The assumptions leading to how change happens in this plausible association are identified and actively tested along the way to see if they hold true. Pretested and refined tools are both quantitative and qualitative in nature and connect the activities of fellows to outputs and outcomes.

Fellows are assessed before and after training, individually and as part of a team, tutors and mentors are interviewed to assess their experiences and performance and projects fellow proposals are produced as outputs that are ranked against standards and quality. Independent assessments are also carried out in the form of key informant interviews during the theoretical training to document process and adaptive management efforts to refine the delivery of the training components.

Following this, fellows are mentored through to practical application of knowledge and assessed on the implementation of projects through progress reports submitted and by interviewing mentors.
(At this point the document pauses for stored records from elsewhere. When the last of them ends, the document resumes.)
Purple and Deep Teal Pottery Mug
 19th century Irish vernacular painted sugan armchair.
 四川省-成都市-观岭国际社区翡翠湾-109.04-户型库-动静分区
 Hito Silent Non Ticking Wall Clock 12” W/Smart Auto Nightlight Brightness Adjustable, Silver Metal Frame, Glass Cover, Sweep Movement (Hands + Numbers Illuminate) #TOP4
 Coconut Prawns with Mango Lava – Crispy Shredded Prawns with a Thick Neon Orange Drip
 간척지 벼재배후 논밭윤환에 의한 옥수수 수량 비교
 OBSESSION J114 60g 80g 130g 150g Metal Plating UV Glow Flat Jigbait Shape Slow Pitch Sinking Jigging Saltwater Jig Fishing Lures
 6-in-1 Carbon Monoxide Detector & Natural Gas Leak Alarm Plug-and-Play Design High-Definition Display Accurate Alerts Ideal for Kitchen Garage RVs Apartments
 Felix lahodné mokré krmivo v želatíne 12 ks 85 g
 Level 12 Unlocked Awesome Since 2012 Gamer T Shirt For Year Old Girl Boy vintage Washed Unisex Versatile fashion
Further analysis and assessment is carried out to assess the extent to which knowledge was applied within projects and identify any obstacles to implementing knowledge.

Changes in career development, opportunity and outputs of fellows are also tracked within a community of practice (peer-to-peer learning and tracking of specific outputs to understand the interactions between fellows and opportunities to apply their knowledge in their regular jobs). Changes that are self-reported by trained fellows are triangulated with individuals in their institutions.

The processes and changes in staff associated with the host institution are documented and reflected upon regularly.

Verification and validation work is carried out through a number of case studies which intend to investigate in greater detail: The how and where fellows have applied knowledge, changed their attitudes and practices, been supported by the environment in their institutions, and are continuing peer-learning (or influencing) efforts in their normal working activities.